> _Task item_: Look through the data below for the line with "Imagem de Monitor", and transcribe it exactly together with each line after it up to and including the line with "智慧城五期二手房实景图". Give nothing else.

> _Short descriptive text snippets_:
______

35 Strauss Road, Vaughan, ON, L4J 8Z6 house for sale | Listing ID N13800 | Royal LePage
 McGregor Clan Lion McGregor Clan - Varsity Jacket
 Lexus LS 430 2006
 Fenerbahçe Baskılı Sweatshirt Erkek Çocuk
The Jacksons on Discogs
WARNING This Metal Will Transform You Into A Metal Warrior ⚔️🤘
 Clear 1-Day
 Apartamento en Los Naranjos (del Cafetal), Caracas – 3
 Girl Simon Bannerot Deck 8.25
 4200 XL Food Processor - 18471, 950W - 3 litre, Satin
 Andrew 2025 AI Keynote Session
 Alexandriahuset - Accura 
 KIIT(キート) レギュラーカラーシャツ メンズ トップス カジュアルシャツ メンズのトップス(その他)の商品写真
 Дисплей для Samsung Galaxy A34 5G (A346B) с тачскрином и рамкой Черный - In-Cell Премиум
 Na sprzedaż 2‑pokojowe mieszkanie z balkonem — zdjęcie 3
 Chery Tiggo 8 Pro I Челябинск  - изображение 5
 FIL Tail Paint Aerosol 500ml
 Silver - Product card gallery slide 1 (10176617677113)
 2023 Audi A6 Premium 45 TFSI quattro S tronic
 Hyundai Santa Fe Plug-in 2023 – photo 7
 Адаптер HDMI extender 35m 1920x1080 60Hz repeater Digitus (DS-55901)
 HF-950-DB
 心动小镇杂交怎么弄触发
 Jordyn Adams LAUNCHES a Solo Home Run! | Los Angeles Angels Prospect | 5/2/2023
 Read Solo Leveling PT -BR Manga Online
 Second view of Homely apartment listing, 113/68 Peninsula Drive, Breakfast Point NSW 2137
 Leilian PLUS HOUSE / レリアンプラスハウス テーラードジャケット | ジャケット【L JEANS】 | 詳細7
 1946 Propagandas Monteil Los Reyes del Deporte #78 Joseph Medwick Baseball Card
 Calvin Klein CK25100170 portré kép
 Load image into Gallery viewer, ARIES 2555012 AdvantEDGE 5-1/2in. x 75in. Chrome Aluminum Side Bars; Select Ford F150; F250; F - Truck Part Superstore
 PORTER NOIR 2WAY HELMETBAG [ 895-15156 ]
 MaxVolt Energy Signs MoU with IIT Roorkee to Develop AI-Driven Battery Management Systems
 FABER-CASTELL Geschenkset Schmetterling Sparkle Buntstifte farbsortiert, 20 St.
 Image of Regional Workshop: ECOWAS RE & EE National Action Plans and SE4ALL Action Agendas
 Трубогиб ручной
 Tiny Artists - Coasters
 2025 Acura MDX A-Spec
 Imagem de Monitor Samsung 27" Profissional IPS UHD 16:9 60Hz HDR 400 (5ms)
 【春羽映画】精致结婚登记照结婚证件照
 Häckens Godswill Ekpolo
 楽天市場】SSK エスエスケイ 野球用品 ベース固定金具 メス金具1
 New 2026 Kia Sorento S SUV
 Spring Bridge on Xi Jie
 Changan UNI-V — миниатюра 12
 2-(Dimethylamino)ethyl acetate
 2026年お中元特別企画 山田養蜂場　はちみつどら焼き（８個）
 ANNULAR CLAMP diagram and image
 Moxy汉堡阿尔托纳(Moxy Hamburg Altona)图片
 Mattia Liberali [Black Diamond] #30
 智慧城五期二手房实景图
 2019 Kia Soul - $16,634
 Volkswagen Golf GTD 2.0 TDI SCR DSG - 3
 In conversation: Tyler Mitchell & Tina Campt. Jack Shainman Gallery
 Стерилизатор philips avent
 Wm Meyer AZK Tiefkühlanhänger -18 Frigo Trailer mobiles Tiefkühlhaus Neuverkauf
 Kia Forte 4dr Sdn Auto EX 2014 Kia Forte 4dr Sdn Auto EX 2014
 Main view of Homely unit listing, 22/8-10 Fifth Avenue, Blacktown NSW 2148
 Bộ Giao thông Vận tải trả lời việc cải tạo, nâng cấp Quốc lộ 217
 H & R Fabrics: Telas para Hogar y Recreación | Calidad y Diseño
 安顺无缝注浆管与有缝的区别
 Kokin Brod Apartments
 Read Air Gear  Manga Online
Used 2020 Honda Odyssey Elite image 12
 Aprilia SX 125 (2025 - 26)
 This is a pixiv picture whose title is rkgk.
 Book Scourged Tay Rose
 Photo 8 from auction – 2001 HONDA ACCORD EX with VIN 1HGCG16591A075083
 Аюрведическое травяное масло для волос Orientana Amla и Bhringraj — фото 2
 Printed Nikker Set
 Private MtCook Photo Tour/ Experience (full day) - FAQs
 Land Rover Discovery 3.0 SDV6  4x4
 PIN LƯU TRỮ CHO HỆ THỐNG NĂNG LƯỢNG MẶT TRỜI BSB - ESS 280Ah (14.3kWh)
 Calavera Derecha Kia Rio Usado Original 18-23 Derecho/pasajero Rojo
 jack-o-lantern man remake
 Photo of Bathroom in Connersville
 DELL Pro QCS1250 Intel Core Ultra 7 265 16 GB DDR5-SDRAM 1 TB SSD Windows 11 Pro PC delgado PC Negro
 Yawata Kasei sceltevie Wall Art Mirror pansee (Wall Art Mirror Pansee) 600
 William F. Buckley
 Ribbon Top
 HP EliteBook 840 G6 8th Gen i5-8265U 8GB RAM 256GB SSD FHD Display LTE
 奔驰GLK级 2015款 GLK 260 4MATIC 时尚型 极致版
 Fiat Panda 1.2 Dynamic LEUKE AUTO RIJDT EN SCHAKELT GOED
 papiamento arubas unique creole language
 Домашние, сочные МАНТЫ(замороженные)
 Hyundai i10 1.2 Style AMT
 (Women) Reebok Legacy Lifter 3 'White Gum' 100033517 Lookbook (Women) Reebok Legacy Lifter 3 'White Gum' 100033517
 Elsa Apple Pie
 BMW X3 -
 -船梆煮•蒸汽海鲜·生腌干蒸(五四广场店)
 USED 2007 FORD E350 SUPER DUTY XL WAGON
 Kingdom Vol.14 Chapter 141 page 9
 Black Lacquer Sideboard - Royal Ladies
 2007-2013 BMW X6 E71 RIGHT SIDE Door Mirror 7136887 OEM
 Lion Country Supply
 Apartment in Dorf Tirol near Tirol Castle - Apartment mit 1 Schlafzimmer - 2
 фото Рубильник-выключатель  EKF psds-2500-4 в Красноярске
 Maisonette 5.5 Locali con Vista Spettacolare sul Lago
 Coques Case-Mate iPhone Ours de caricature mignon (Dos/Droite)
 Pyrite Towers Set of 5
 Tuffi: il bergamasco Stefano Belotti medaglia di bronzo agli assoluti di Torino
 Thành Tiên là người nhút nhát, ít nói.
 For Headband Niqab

______

> _Exercise answer_:
 Imagem de Monitor Samsung 27" Profissional IPS UHD 16:9 60Hz HDR 400 (5ms)
 【春羽映画】精致结婚登记照结婚证件照
 Häckens Godswill Ekpolo
 楽天市場】SSK エスエスケイ 野球用品 ベース固定金具 メス金具1
 New 2026 Kia Sorento S SUV
 Spring Bridge on Xi Jie
 Changan UNI-V — миниатюра 12
 2-(Dimethylamino)ethyl acetate
 2026年お中元特別企画 山田養蜂場　はちみつどら焼き（８個）
 ANNULAR CLAMP diagram and image
 Moxy汉堡阿尔托纳(Moxy Hamburg Altona)图片
 Mattia Liberali [Black Diamond] #30
 智慧城五期二手房实景图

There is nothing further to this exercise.